After China joined the World Trade Organization (WTO) in 2001, its reform and opening-up became a passive move under the WTO rules, said Li Xiaogang, director of the Foreign Investment Research Center at the Shanghai Academy of Social Sciences.
Since then, China has made perfecting its regulatory mechanism a top priority, with foreign investors benefiting from the country's globalization. Over the next decade, foreign investors will be affected by China's economic structural reform, he said.
China, the world's second-largest economy, is in the transition to rebalance its export-reliant, investment-led economy toward a consumption-driven one.
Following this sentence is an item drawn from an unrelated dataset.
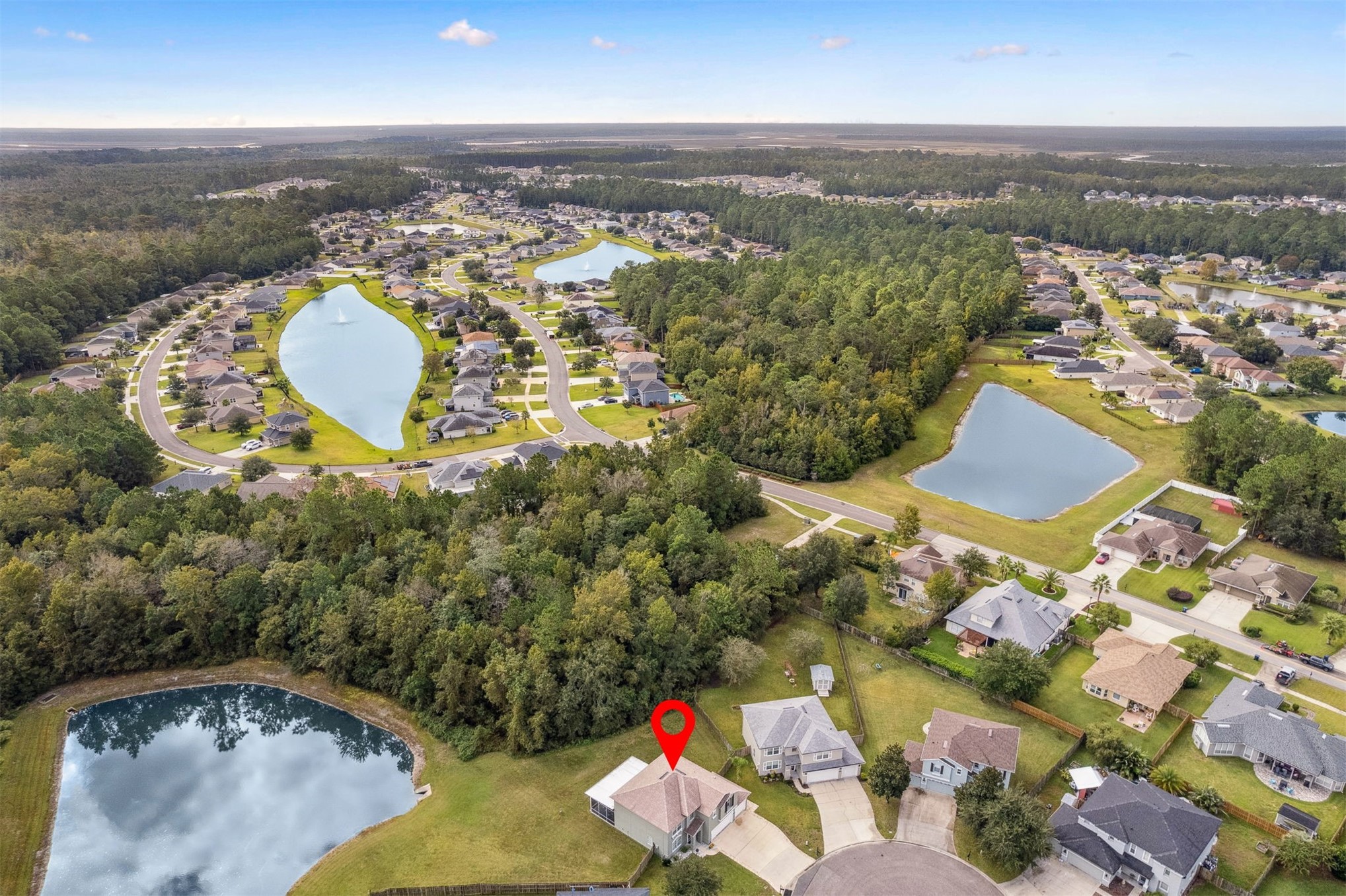 76002 Tideview Lane Yulee, FL 32097 - Photo 49 of 58 an aerial view of residential houses with outdoor space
For foreign investors, China is gradually losing its cost advantages in terms of favorable taxes, cheap land and low costs for damaging the environment, compared with 10 years ago.
"China has the strength to make its internal market more appealing and it will remain a magnet for foreign investment," Li said.
Today, the majority of foreign companies in China are here for the local market, compared with the labor-intensive and export-oriented foreign direct investment a decade ago.
The companies also see significant increases in revenue and profit in China. A survey by the European Union Chamber of Commerce in China showed 78 percent of responding European companies reported a marked revenue increase in 2010, compared with 50 percent in 2009.
About 59 percent said they were planning major new investments in the country in the next two years, up 11 percent from last year.
The companies' optimism comes partly from their confidence in China's 12th Five-Year Plan (2011-2015) which will stimulate the business environment, opening opportunities for high-tech and green products and technologies, and in the service industries, said Davide Cucino, the chamber's president.
Analysts also say the development of emerging industries will spark a new round of foreign investment, be a new engine for economic growth and attract more capital inflows.